Avatar Netflix DP Michael Balfry Reveals Why Firebenders Were So Hard to Bring to Life

The brutality of the firebenders can be seen at its peak in the opening minutes of Episode 1, where viewers witness the genocide of the air nomads—which was not in the animated show.

It was “a lot of work,” noted Balfry, with the sequence only being possible thanks to the stunt team:

“It’s a lot of work. It was very exciting… And when I say it was a lot of work, the stunt team [did a lot ]. I mean… when I saw it put together, and the visuals were put in because it was shot on a green screen, obviously. We had some set pieces, the stairs, and stuff on rocks and whatnot, on set. But it was the stunt team that really made this happen.”

He continued praising the stunt team, calling out their tireless work and constant rehearsing:

“They work tirelessly, for days, probably weeks ahead of time, behind the scenes rehearsing, and we’d go in through the rehearsals and watch what they’re doing, the director myself, or they’d film it. Then, they’d put a bit of a mini montage of what they envisioned. And things would get tweaked from there.”

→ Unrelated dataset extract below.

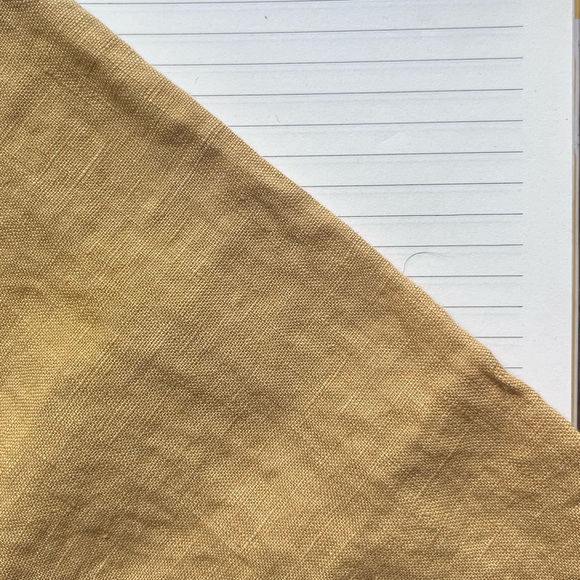 J. Jill Cropped 100% Linen Pants in Gold - Picture 7 of 8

Another sequence with the firebenders at the core of the action was when the moon died in the Season 1 finale, and all color drained out of the world.

Turns out, getting that to display correctly on-screen was a relatively simple process on Balfry’s part, primarily thanks to the use of LED lighting on set:

“A combination of practical lighting on set–we’re shooting all LED, and that was on The Volume and also on the bridge at the end. So, with LED, changing colors is much easier to do. I started the process on set. Basically, when the moon goes red, then all the LEDs went red. And when the moon’s gone, [post production] did a lot of work in that by stripping the color.”

Eagle-eyed viewers may notice that the only color popping up from that point on belonged to the light coming from the firebender’s flames:

“My motivation is always keeping the practicals, the flames, and whatnot true and then letting everything else go to where it’s supposed to go… Psychologically, you’re thinking, ‘Okay, that flame looks normal, so the rest of the world is not, and then it helps sell that concept.’”

Avatar: The Last Airbender is now streaming on Netflix.